[Information provided]
....
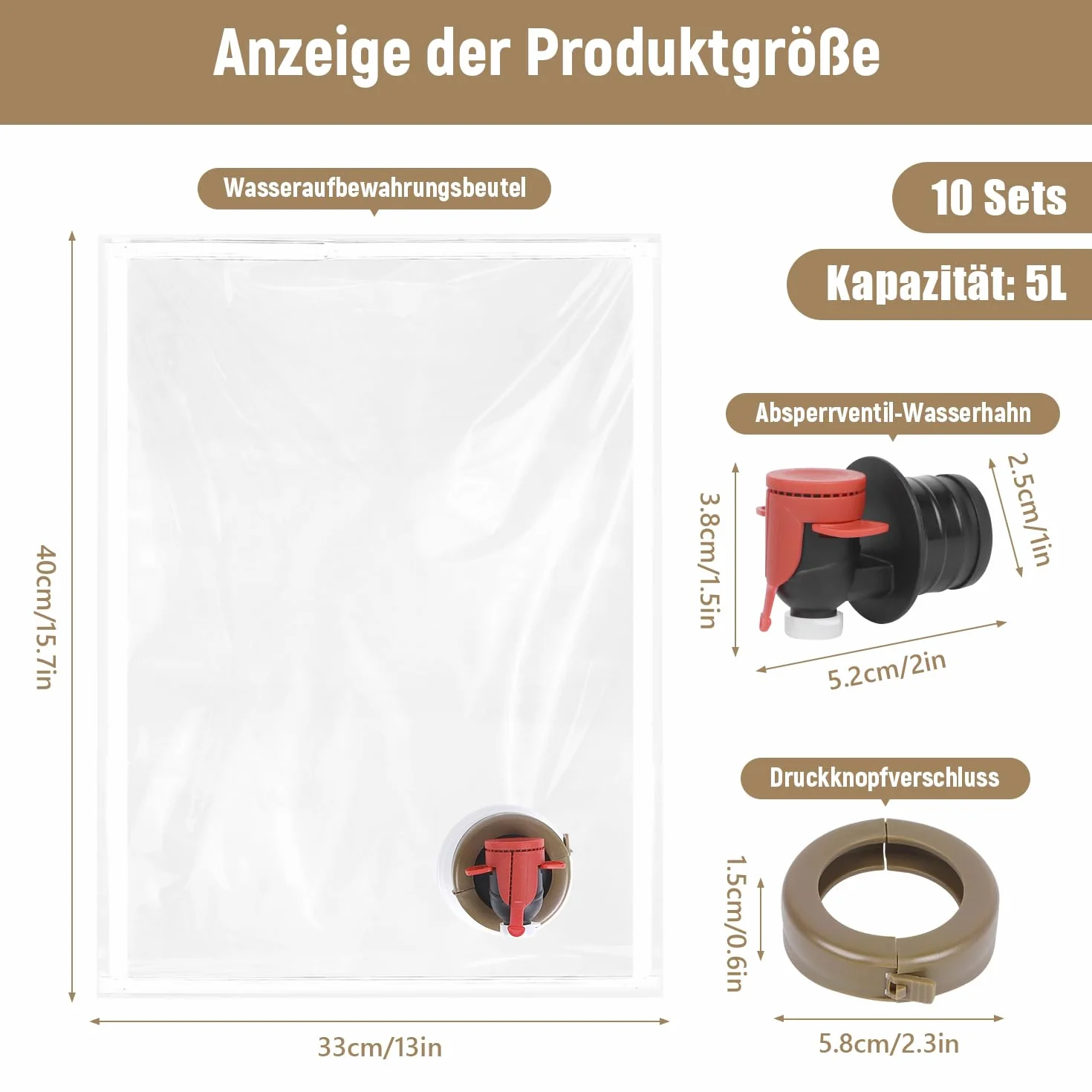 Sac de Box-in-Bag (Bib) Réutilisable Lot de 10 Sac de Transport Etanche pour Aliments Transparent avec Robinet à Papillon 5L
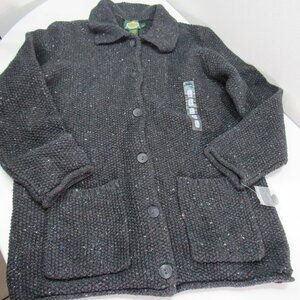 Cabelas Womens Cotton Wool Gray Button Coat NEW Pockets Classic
....
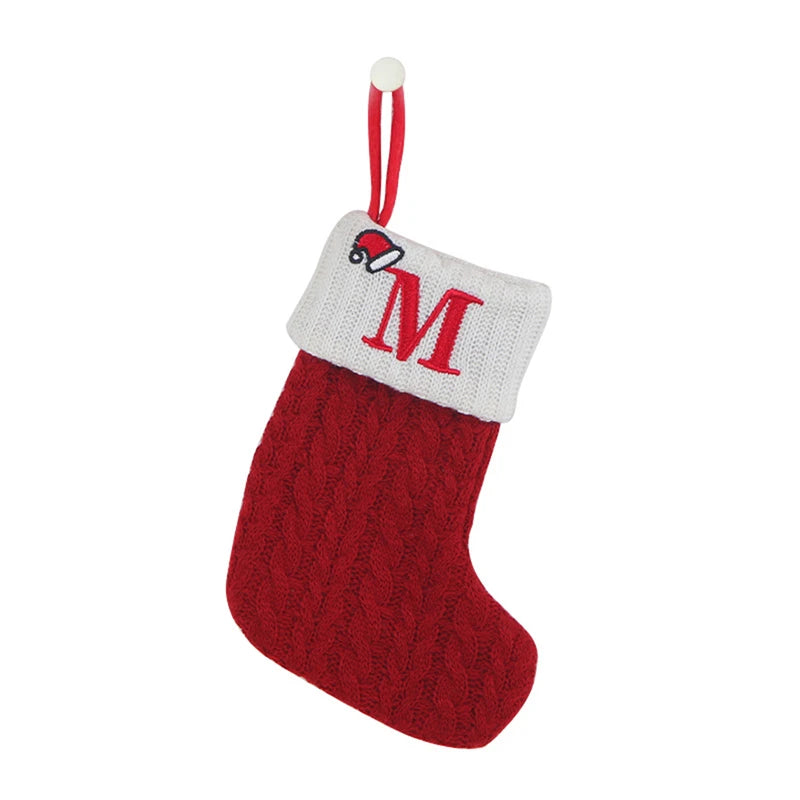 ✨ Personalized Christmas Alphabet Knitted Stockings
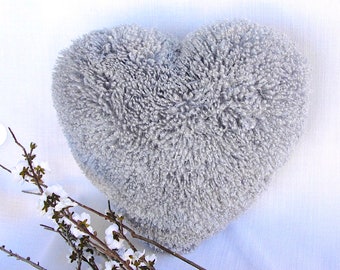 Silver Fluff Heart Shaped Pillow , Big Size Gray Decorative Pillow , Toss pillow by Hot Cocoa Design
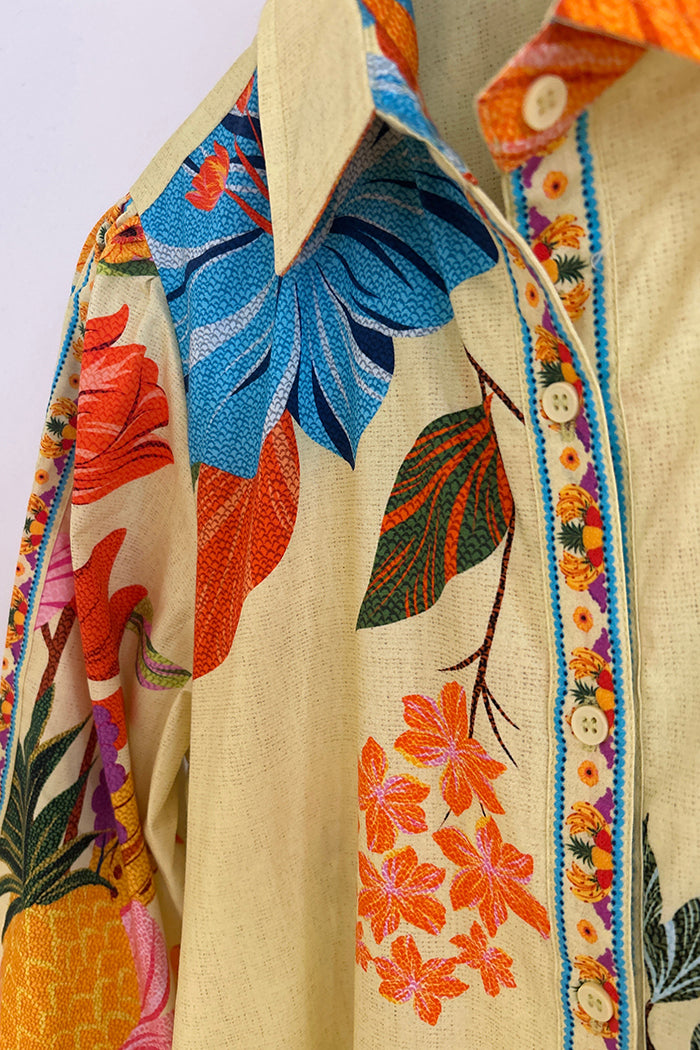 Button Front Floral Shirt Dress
....
[About this exercise]
Your answer should be the lines above, word for word, from the line with "Alphabet Knitted Stockings" through the line with "Button Front Floral Shirt Dress", minus the pictures.

[Expected output]
 ✨ Personalized Christmas Alphabet Knitted Stockings
 Silver Fluff Heart Shaped Pillow , Big Size Gray Decorative Pillow , Toss pillow by Hot Cocoa Design
 Button Front Floral Shirt Dress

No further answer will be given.